About this exercise -
Your task is to retype, word for word, the lines from the start of the data through the line holding "Els exconsellers Rull". Do not include the pictures.

--- Input data Enclosed Below ---

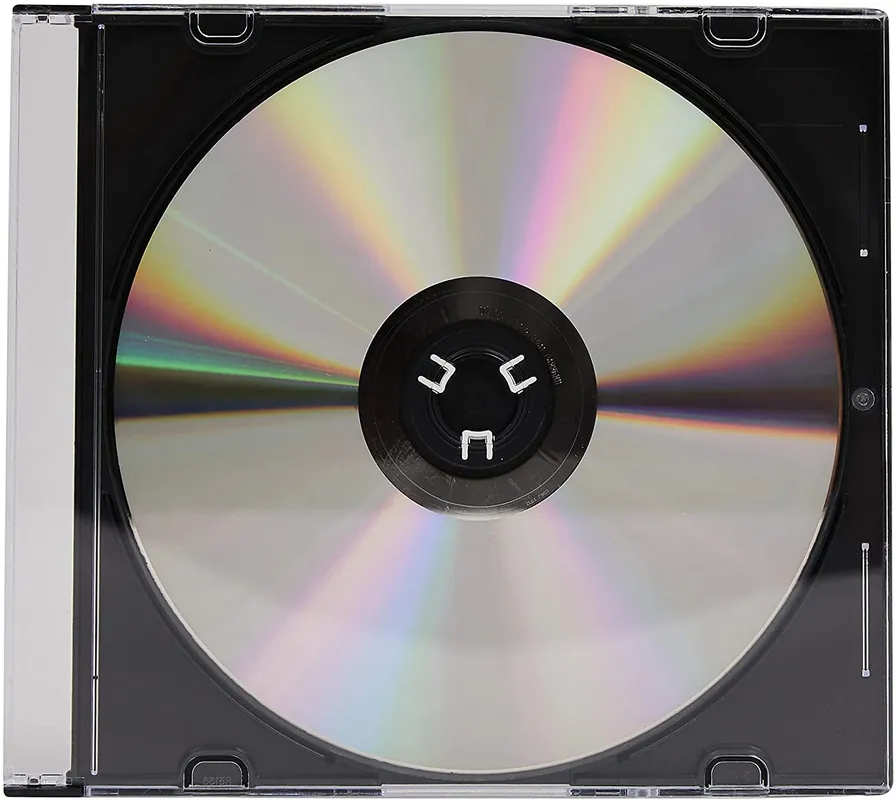 Porta CD Slim Jewel Case Nero Di Tendenza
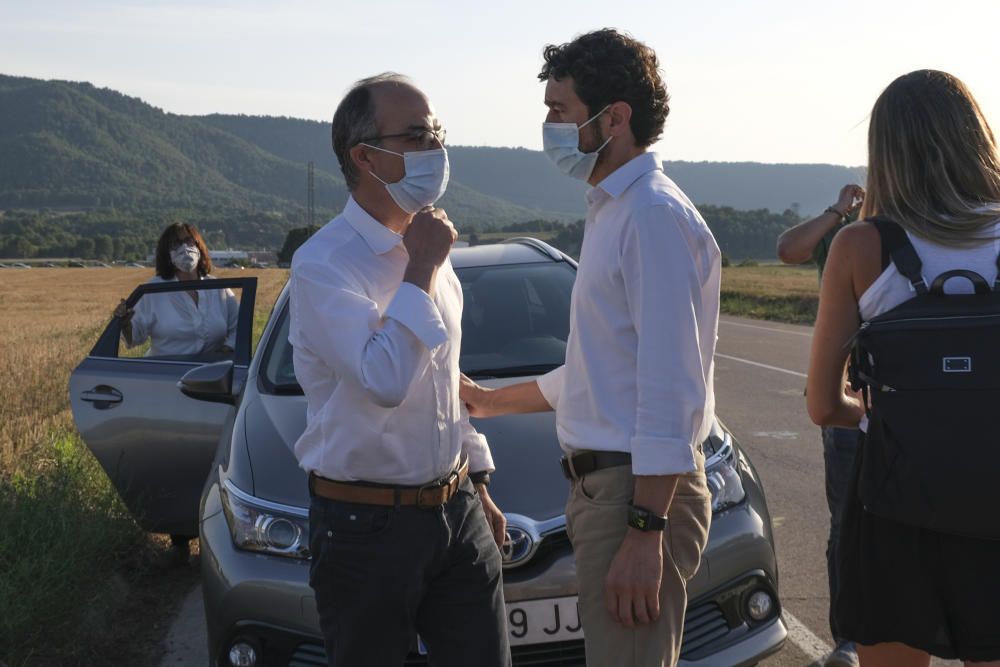 Els exconsellers Rull i Turull tornen a la presó de Lledoners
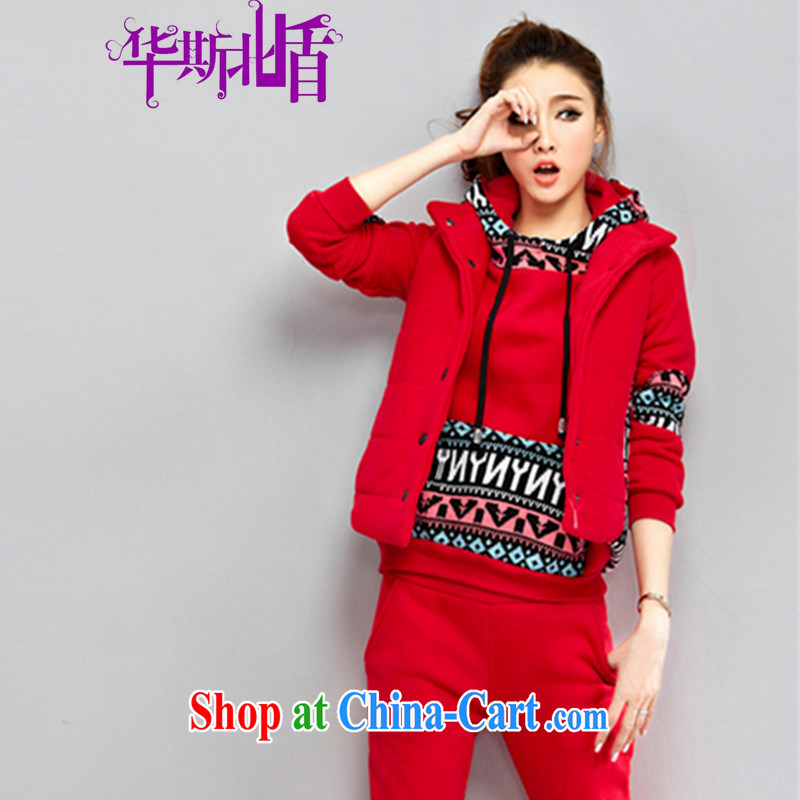 2014 fall and winter new jacket, the lint-free cloth thick sweater Kit female casual female Korean version of the greater code sweater 3-Piece red XXL, China, North shields, and shopping on the Internet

--- End of Enclosed Input data ---

Response area -
 Porta CD Slim Jewel Case Nero Di Tendenza
 Els exconsellers Rull i Turull tornen a la presó de Lledoners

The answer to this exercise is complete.